I've been trying to install both packs of The Movies Game under compatibility mode (( I attempted XP 2 & XP 3 )) I installed it within the disc files (( Setup exe )) It refuses to install the required Macromedia Flash blocking it by compatibility issues and when I get the installations done, the splash screen pops up and when I click the play button I get a "Library not registered" and sometimes a bunch of 0000's with jittery sounds then it just won't boot up at all afterwords

I cleaned the discs and some got some scratches but they're not major scratches but I followed a lot of guides how to install it but it just won't boot up, I only got StarMaker to work but not the games itself

I've tried to installed the games 6x and it still doesn't work


This is my specs


Manufacturer: Hewlett-Packard

Model: HP G62 Notebook PC

Processor: AMD Phenom (tm) II P650 Dual-Core Processor 2.60 GHz

Installed Memory (RAM): 3.00 GB (2.74 GB usable)
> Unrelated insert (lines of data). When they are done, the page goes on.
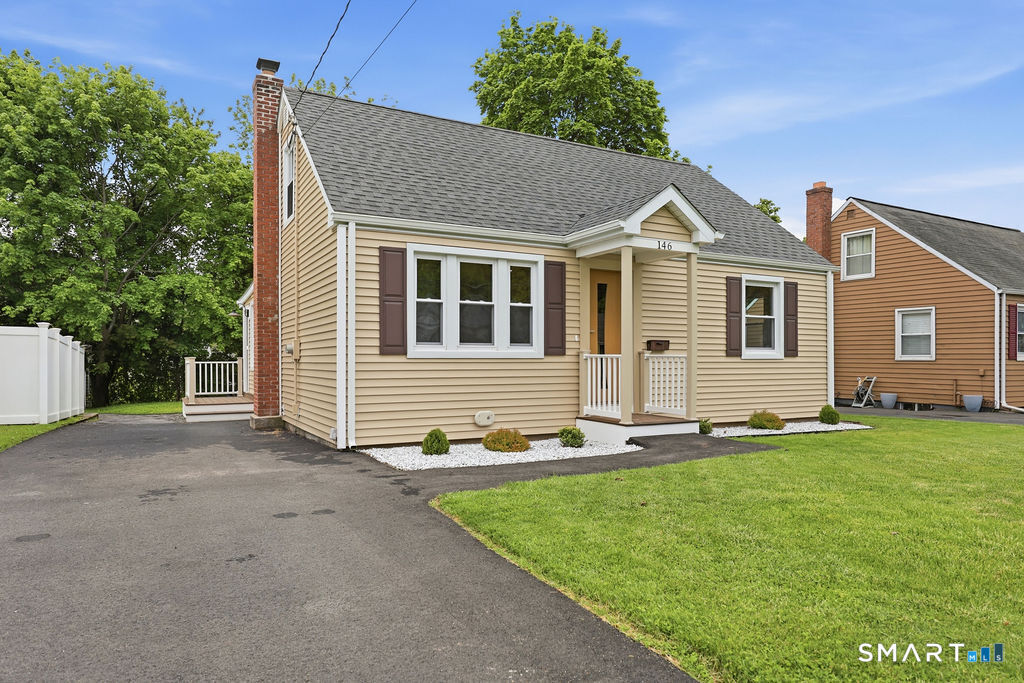 Property Photo:  146 Alexander Road  CT 06053 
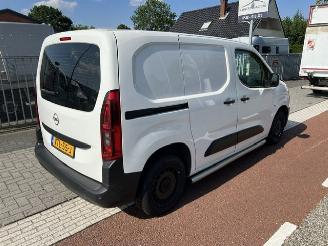 Opel Combo 1.5d 75kw  AIRCO KLIMA SCHUIFDEUR EURO6 picture 2
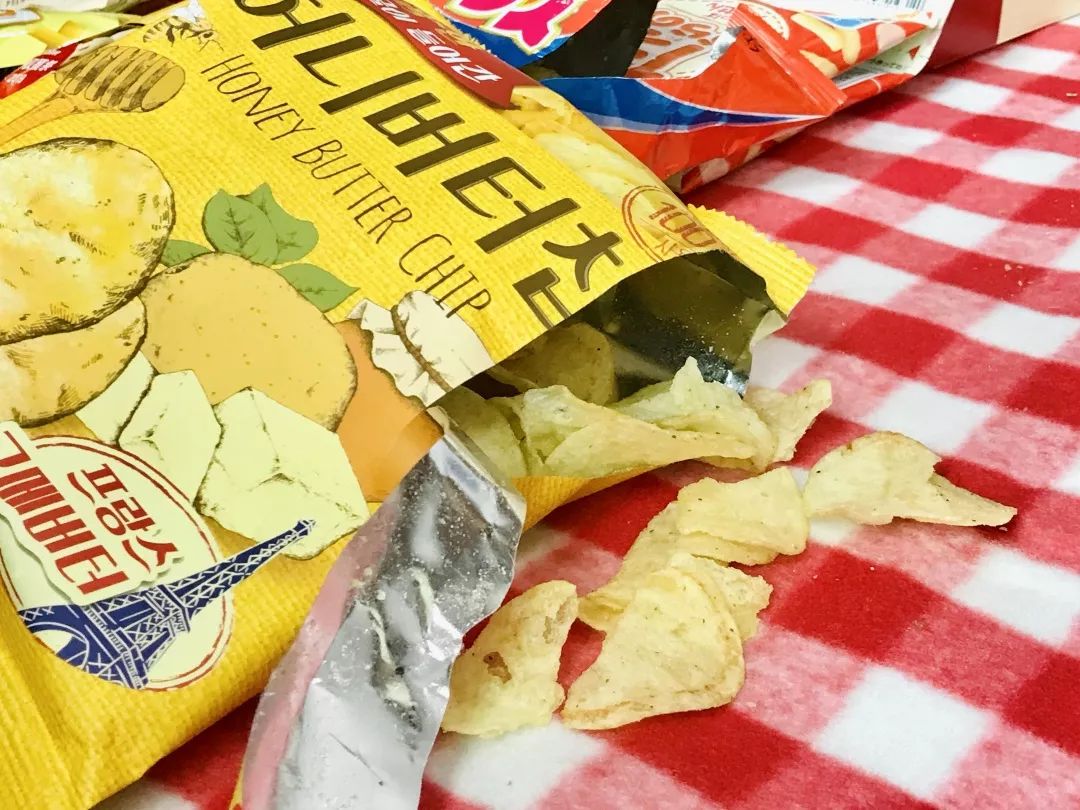 和卡乐比类似的零食,日本零食巨头卡乐比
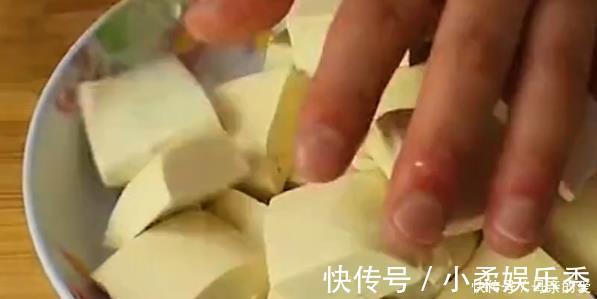 营养|好吃又营养的素菜,5分钟就上桌,比吃肉抢的还快,百吃不厌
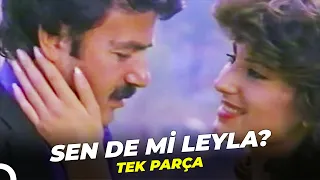 Sen de mi Leyla? | Ferdi Tayfur Eski Türk Filmi Full İzle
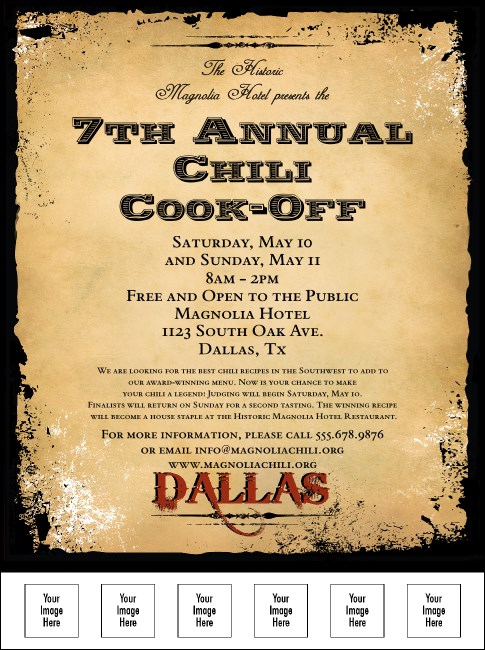 Dallas Flyer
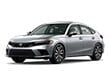 Used 2024 Honda Civic EX-L Hatchback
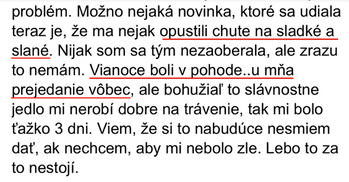 RTT zkušenosti klientek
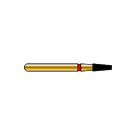 Diamond Burs Flat End Taper 845 F 016 4 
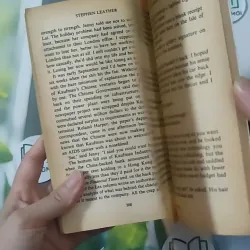 [XƯA] The Fireman (1996) - Stephen Leather 1027249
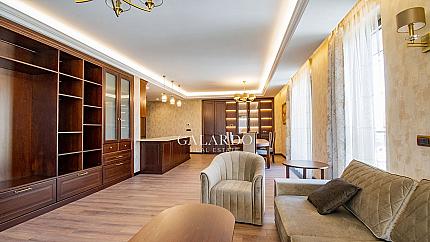 Two bedroom apartment for rent in Lozenets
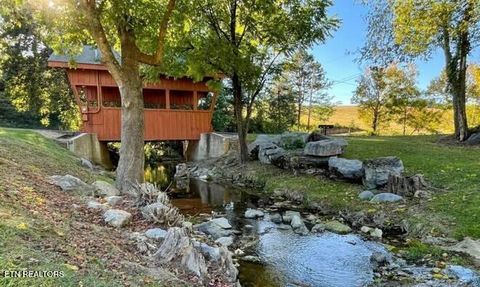 Tiny photo for 1840 Trout Way, Sevierville, TN 37862 (MLS # 1298637)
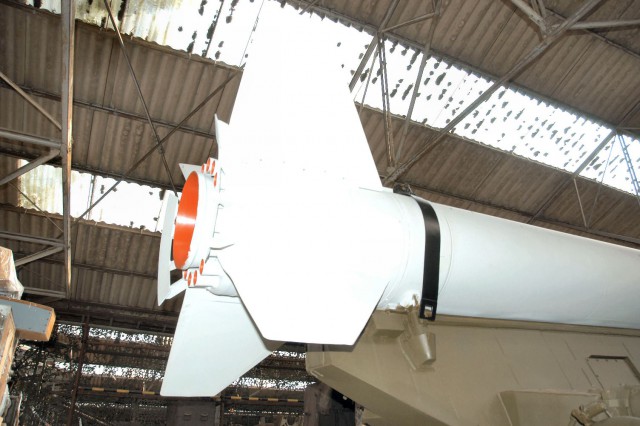 Легендарная 135-я: рождение известных советских ракетовозов ЗИЛ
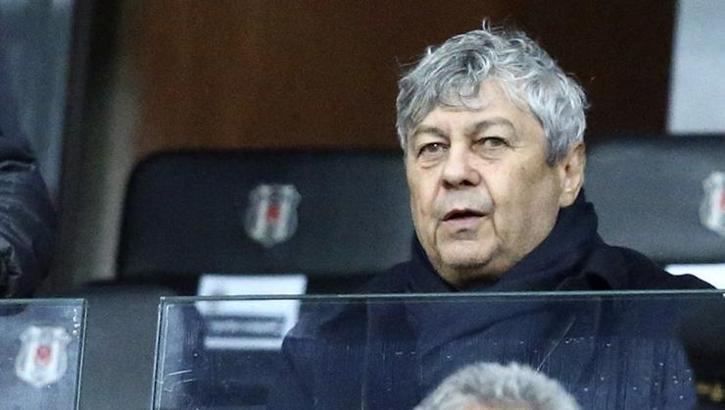 Lucescu'nun gözü Fikret Orman'da!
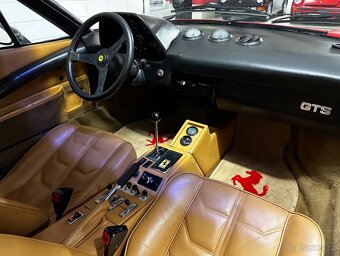 Ferrari 308 GTSi Targa (1980) - 9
System Type: 64-bit Operating System

Added note: I have 34 bit Flash at the moment (It's the current version)


----------



## koala (Mar 27, 2005)

Hi, welcome to TSF

Try running setup.exe by right-clicking and selecting 'run as administrator'.


----------



## robospongie (Sep 23, 2015)

koala said:


> Hi, welcome to TSF
> 
> Try running setup.exe by right-clicking and selecting 'run as administrator'.


Thank you ! And I already did it by run as admin through the setup exe in the location of the folder ! It would install then it wouldn't let me install one of the components, They said something like Macromedia Flash (R) blocked due to compatibility errors even though I set the properties on setup exe to compatibility mode to XP 3 Service Pack


----------